The optimal collar height will depend upon site conditions and the length of time the collars will be used at a given site. At a minimum, the collar should be inserted into the soil to a depth that gives a solid foundation so the collar does not move when placing the chamber on the collar. As insertion depth is increased, lateral diffusion of CO₂ in the soil column below the chamber will be reduced. The advantage of this is that lateral diffusion can be a source of error in the measurement (Healy et al., 1996), but the disadvantage is that as insertion depth increases, the possibility of root shearing increases. Collars may become loose over time and should be moved if this occurs.

Collars should extend a minimum of 2 cm above the soil surface for the survey chambers, and 3 cm or more for the long-term chambers, depending on the slope of the site. Collars can extend above the soil more than 2 or 3 cm, but with greater extension there is increased shading and perturbation of air movement. Over the long term, these perturbations could result in changes of evaporation rate, soil temperature, and soil moisture.
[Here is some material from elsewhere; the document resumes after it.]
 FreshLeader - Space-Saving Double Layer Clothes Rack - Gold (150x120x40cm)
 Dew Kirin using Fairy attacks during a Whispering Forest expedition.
Measuring the chamber offset

The chamber offset is used to determine the volume of air inside the soil collar, which is in turn used to calculate the total system volume. The total system volume is an important part of the flux calculation, so it should be determined as accurately as possible.

The chamber offset is measured differently for the survey and long-term chambers. With the survey chambers, the chamber offset is measured by the distance between the soil surface and the top of the soil collar.

With the long-term chambers, the chamber offset is measured by the distance between the soil surface and the upper edge of the chamber base plate.

In uneven or sloping soil conditions, measure the chamber offset at multiple points within the collar and then average these measurements to represent the true offset (see Figure 2‑6).

When setting the 10 cm survey chamber onto the collar, be careful not to let the bottom edge of the chamber disturb the soil within the collar (this will not occur if the collars extend more than 2 cm above the soil surface). Also, make sure the collar is not disturbed when placing the chambers on or around them. The chamber edge should be as close to the soil surface as practical (within 1-2 cm) so that air flow within the chamber produces mixing near the soil surface.